#### Records to use ####

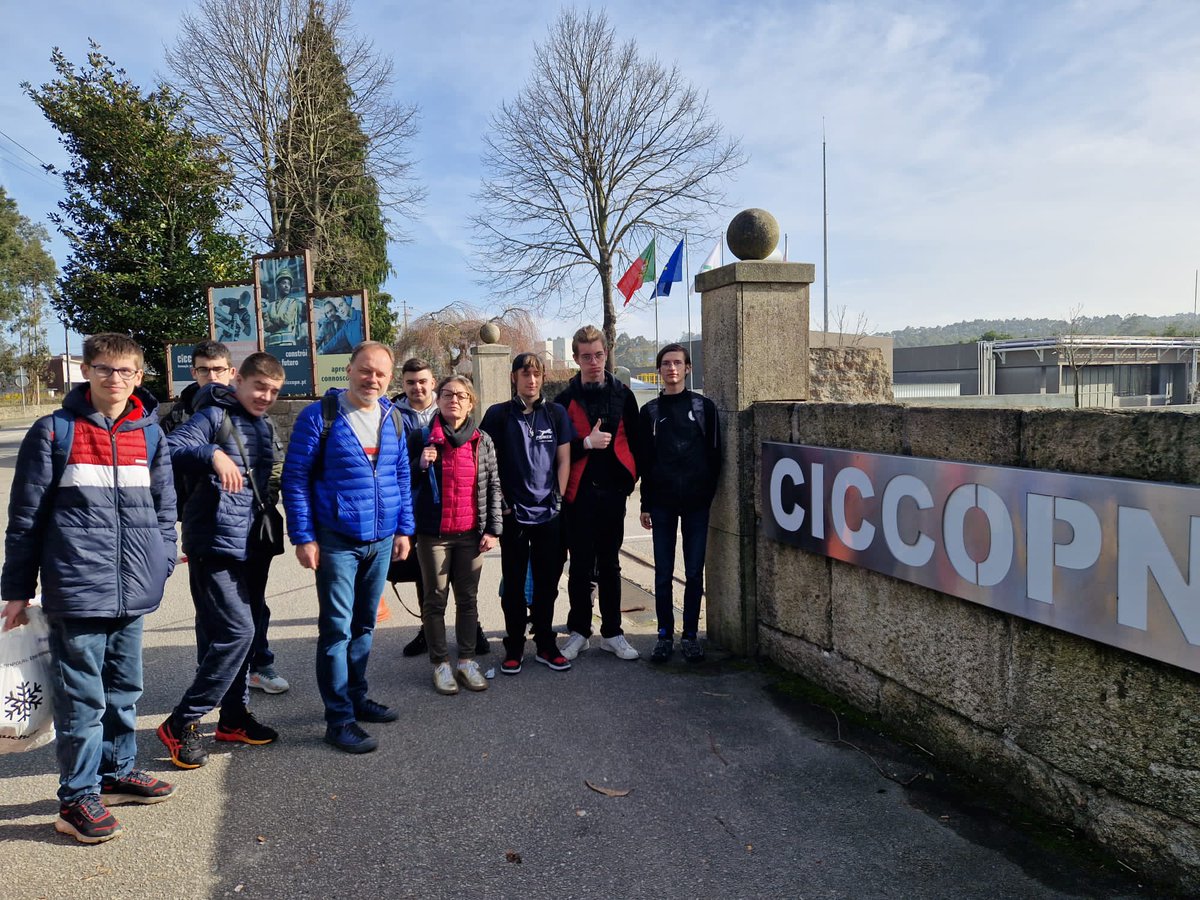 pvauchez's tweet photo. Superbe accueil des élèves de CAP peinture et électricité du Lp Le Corbusier à Porto dans le centre de formation professionnelle, un grand merci à Carlos responsable du CICCOPN
 @acbesancon @bfc_region @drareicbfc https://t.co/6H8u2zOGZM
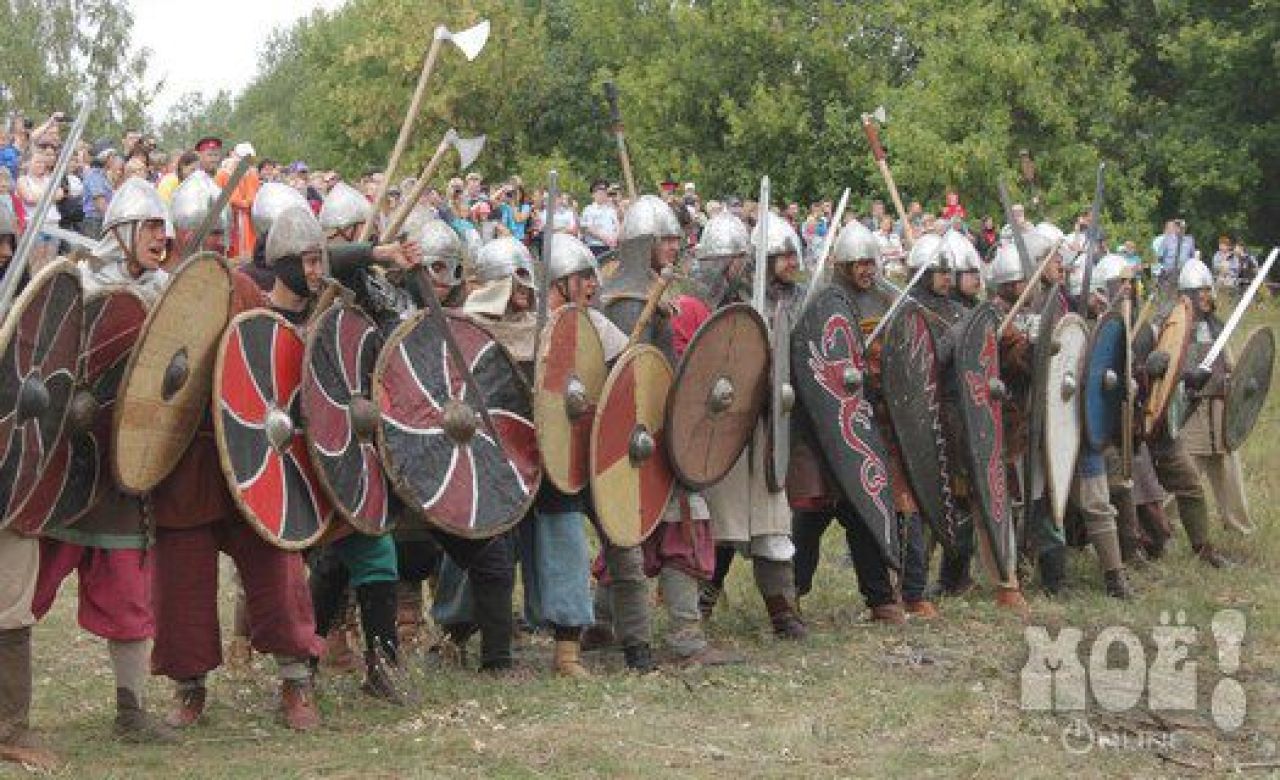 В Елецком районе более двух тысяч человек стали свидетелями средневекового сражения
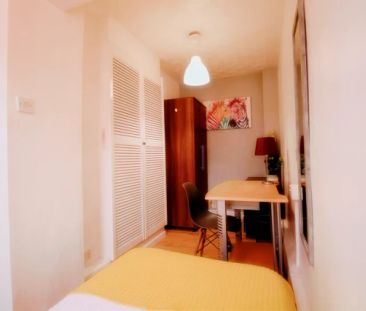 5 Bed 2 Bath - Photo 4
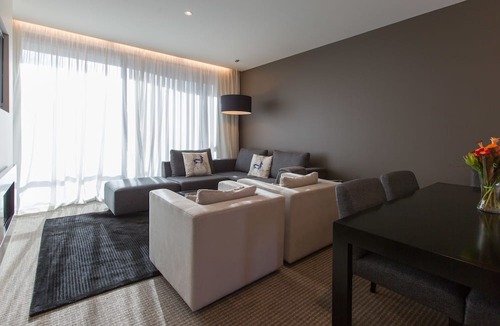 Burnside Hotel | Commodore Airport Hotel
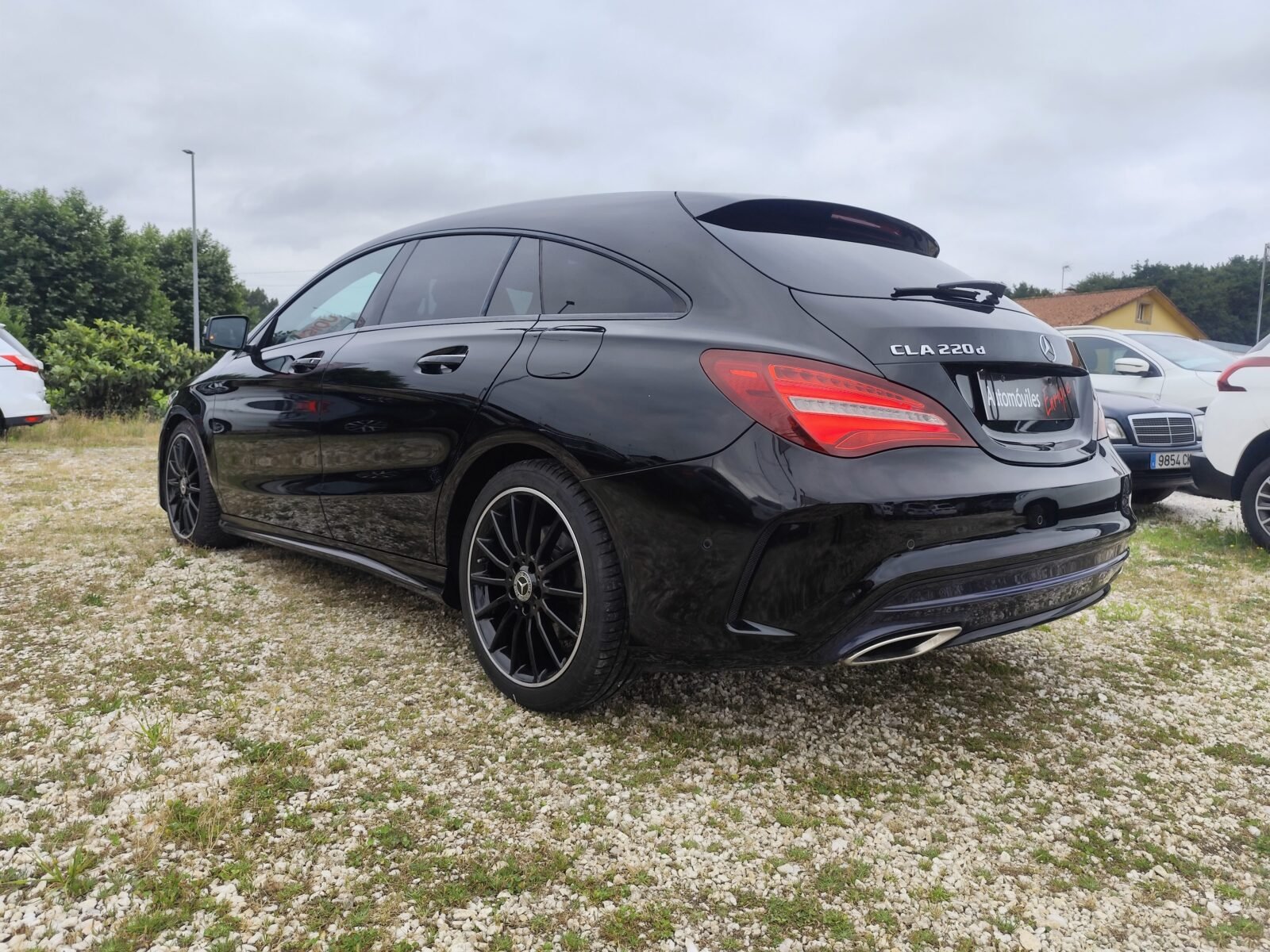 MERCEDES-BENZ CLA 220 CDI Shooting Brake AMG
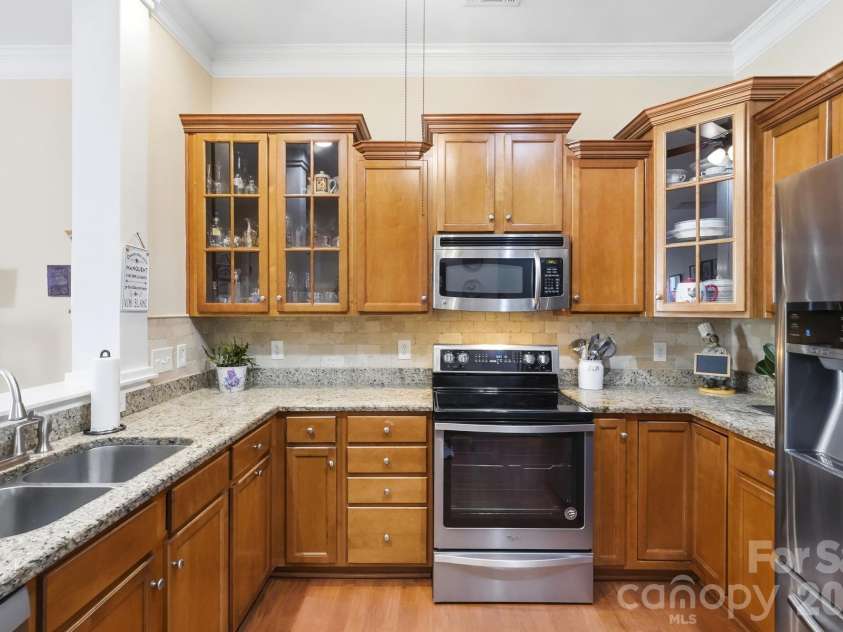 427 Dumbarton Street, Concord, NC 28027.  MLS# CAR4432005, YatesRealty ID 55339. Kitchen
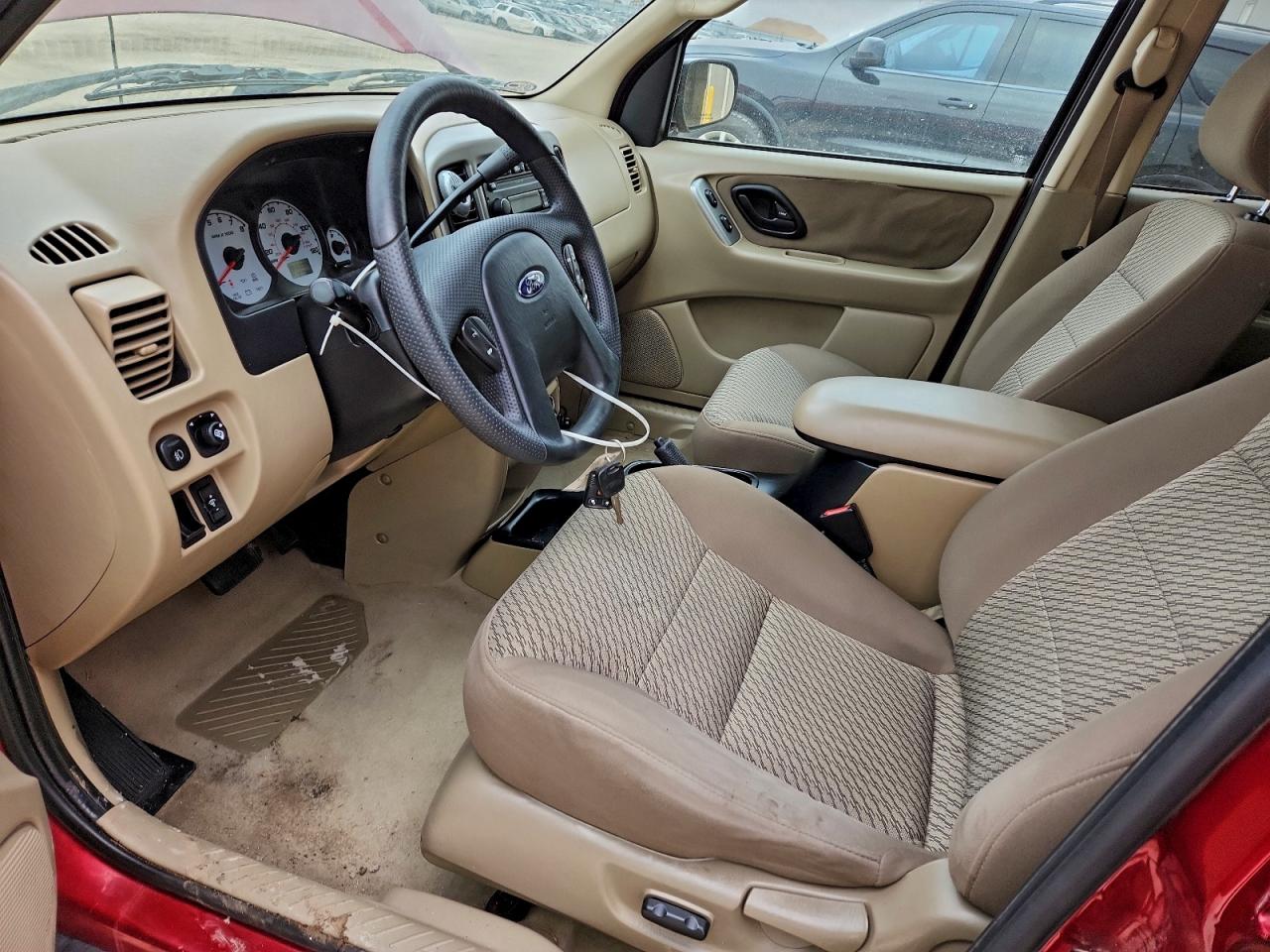 2004 FORD ESCAPE XLT photo 7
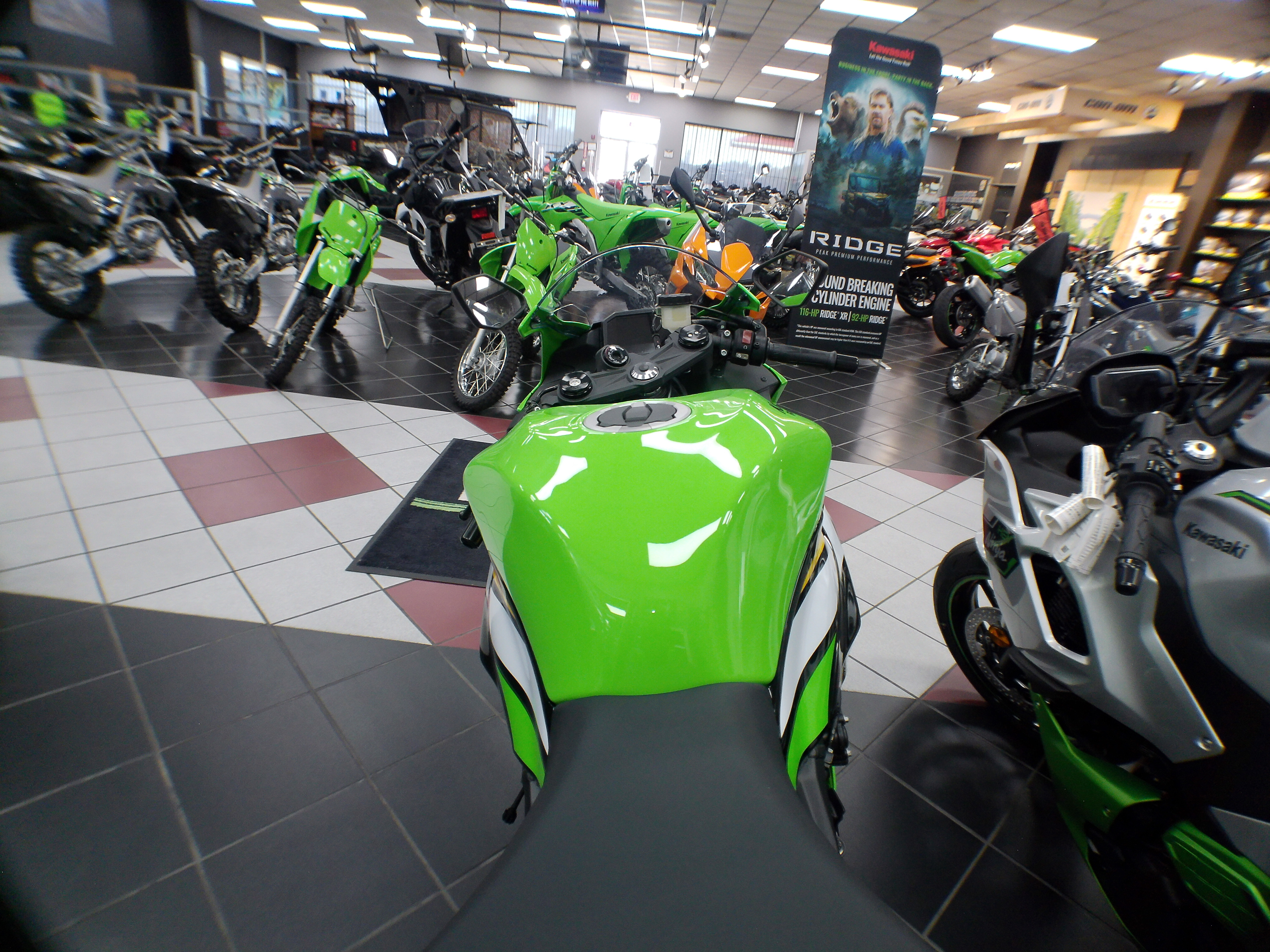2025 Kawasaki Ninja® ZX™-6R KRT EDITION - Photo 12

####

▸ **Task objective**
Omit the pictures; print the records above exactly.

▸ **Your response**
 pvauchez's tweet photo. Superbe accueil des élèves de CAP peinture et électricité du Lp Le Corbusier à Porto dans le centre de formation professionnelle, un grand merci à Carlos responsable du CICCOPN
 @acbesancon @bfc_region @drareicbfc https://t.co/6H8u2zOGZM
 В Елецком районе более двух тысяч человек стали свидетелями средневекового сражения
 5 Bed 2 Bath - Photo 4
 Burnside Hotel | Commodore Airport Hotel
 MERCEDES-BENZ CLA 220 CDI Shooting Brake AMG
 427 Dumbarton Street, Concord, NC 28027.  MLS# CAR4432005, YatesRealty ID 55339. Kitchen
 2004 FORD ESCAPE XLT photo 7
2025 Kawasaki Ninja® ZX™-6R KRT EDITION - Photo 12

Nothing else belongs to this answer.